Op 20-3-2012 20:35, Richard Heck schreef:
On 03/20/2012 07:44 AM, Vincent van Ravesteijn wrote:
Op 20-3-2012 0:15, Richard Heck schreef:

This is in my private repo. I have a branch master, and another branch bugs/7975, and another branch lyx/trunk that is tracking the main repo, set up as you suggested. The master and lyx/trunk branches were completely in sync, or so I thought. So then I did:
    git checkout lyx/trunk
    git merge bugs/7975
and I ended up with the merge commit, representing the new commit from bugs/7975 as one branch and some of the material from lyx/trunk as a separate branch. I think was, in part, because bugs/7975 had been rebased against branch. I've done some other tests, and if I rebase it against lyx/trunk then of course it is OK.


This is just the classic example of a merge. In one branch is the development of the others (master) and your development is in your private branch (bugs/7975). Now you merged the two together.

If you rebase your feature branch on top of master first and then do a merge, you will get a special type of merge, namely a fast-forward merge. If you would specify --no-ff, you would still get a merge commit.

I'm not sure what part is surprising to you.

What's surprising is that I get a non-fast-forward merge that is empty. Unsurprising that it's empty, since the two branches are completely synchronized, but surprising that the empty merge shows up as a commit. Note that, as I said, this does not happen if I've rebased against the other branch.

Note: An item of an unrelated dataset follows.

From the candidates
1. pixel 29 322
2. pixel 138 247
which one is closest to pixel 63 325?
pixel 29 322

* First, I'm not sure what you mean by "the merge is empty". Indeed, 'git show 9236a938' does not show any changes in the code, but that's normal. A merge only combines two sets of commits; the actual changes to the code is done in the commits themselves. In this case in commit 0a0a837b and in commits 8be18455..758d0482. (try: 'gitk 8be18455..758d0482' this will show all commits that are in this range). If you want to see the code changes introduced by a merge you can do:

$ git diff 9236a938 9236a938^1

This will show you that the merge is not empty at all.

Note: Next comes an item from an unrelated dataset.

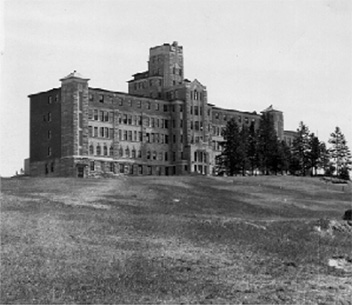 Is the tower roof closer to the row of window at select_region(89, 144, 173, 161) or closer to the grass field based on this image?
the row of window at select_region(89, 144, 173, 161)

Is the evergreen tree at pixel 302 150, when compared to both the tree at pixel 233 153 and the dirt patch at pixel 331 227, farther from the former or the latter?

* Second, what do you mean with "two branches are completely synchronized" ? I guess you mean that if one branch is based on top the other they are synchronized ? And if they are 'synchronized', you get a fast-forward merge and thus no merge commit. This really is a special case and technically not even a merge.

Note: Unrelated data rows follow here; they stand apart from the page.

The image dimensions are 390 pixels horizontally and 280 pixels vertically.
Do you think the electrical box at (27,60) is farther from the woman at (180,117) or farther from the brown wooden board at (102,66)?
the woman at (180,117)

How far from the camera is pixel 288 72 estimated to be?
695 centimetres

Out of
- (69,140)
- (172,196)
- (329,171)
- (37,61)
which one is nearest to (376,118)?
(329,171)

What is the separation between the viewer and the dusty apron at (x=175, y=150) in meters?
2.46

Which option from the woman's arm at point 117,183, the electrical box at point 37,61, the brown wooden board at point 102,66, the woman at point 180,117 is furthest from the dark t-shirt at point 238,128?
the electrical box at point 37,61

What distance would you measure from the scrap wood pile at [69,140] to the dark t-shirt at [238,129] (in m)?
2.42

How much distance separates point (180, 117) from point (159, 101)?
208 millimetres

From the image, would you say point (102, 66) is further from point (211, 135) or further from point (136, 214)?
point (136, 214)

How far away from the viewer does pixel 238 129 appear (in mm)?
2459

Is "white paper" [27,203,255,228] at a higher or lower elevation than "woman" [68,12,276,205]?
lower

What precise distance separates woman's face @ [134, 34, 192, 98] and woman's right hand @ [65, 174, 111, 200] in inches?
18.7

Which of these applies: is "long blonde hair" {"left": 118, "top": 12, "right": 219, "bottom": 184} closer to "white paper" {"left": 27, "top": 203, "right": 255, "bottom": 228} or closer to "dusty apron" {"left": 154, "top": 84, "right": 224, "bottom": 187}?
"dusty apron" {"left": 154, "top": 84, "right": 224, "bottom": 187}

So whether I get the empty commit depends upon which branch I rebased against, not what's actually in that branch.

If you rebase a branch A against another branch B, all commits of the branch B are actually included in branch A. So please don't rebase a branch A versus another branch B before merging it with branch C, because than branch B will also be merged into branch C.

If you would have rebased your feature branch against the 2.0.x branch before merging it into master, you are bound to run into problems if the commits in the 2.0.x branch are not _exactly_ the same as those in the master branch.